Brief:
Your copy should contain exactly the lines from the one that holds "3 Door Storage" through the end of the material, reproduced as written, with no pictures.

Collected data:
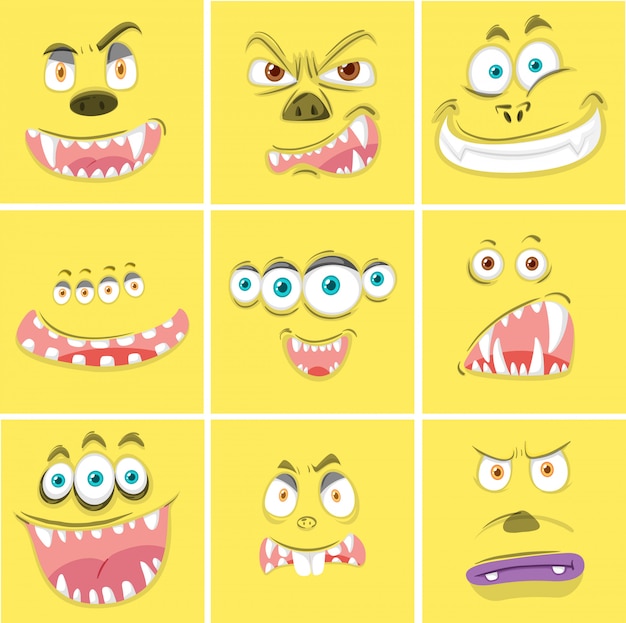 Ensemble De Faces De Monstre Jaune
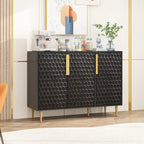 3 Door Storage Cabinet, Buffet Sideboard with Adjustable Shelves, Honeycomb Seamless Hexagons Pattern Metal Door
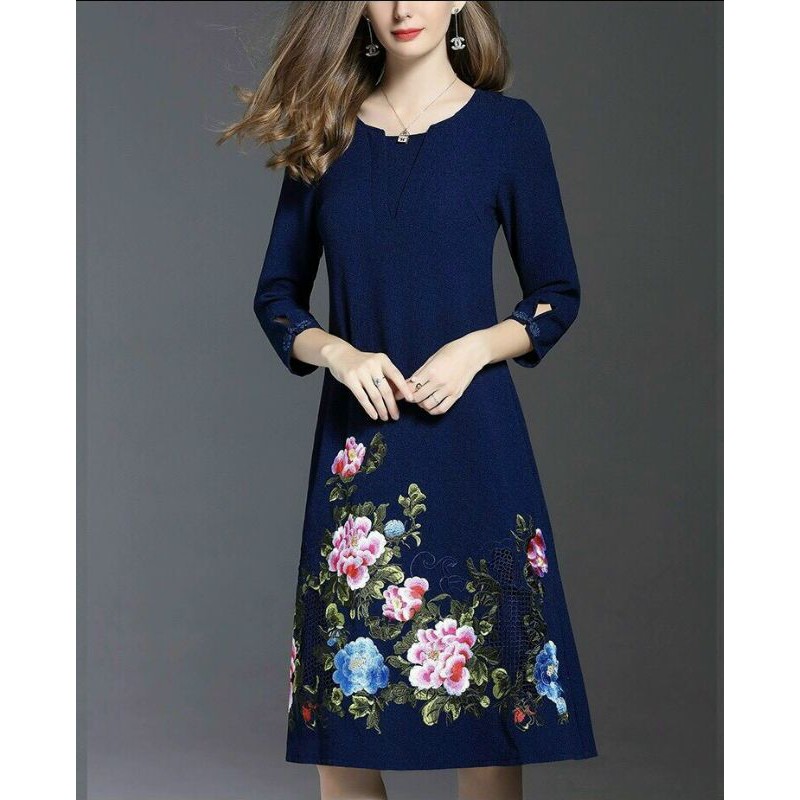 HÀNG NHẬP - ĐẦM SUÔNG XÔ THÊU HOA TAY DÀI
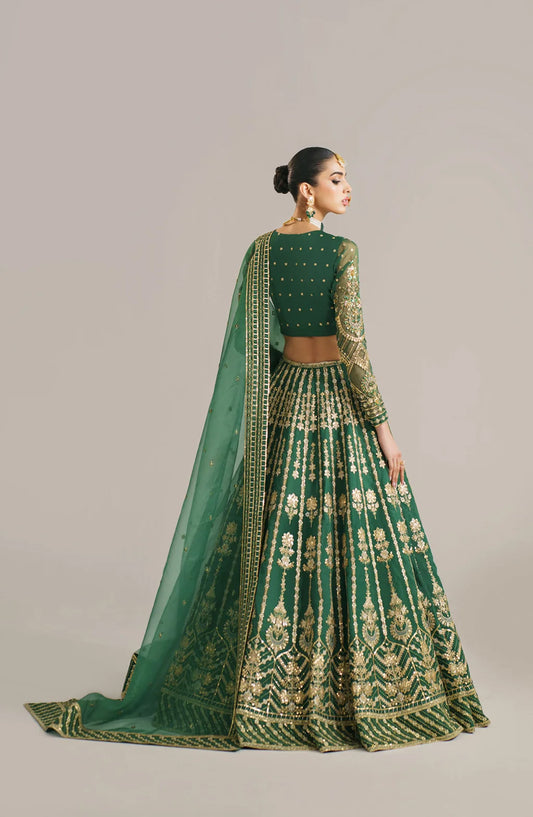 Afsana by Akbar Aslam Embroidered Orange Unstitched 3 Piece Suit - Shahul - AKA25AFS - Green - Festive Collection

Solved problem:
 3 Door Storage Cabinet, Buffet Sideboard with Adjustable Shelves, Honeycomb Seamless Hexagons Pattern Metal Door
 HÀNG NHẬP - ĐẦM SUÔNG XÔ THÊU HOA TAY DÀI
 Afsana by Akbar Aslam Embroidered Orange Unstitched 3 Piece Suit - Shahul - AKA25AFS - Green - Festive Collection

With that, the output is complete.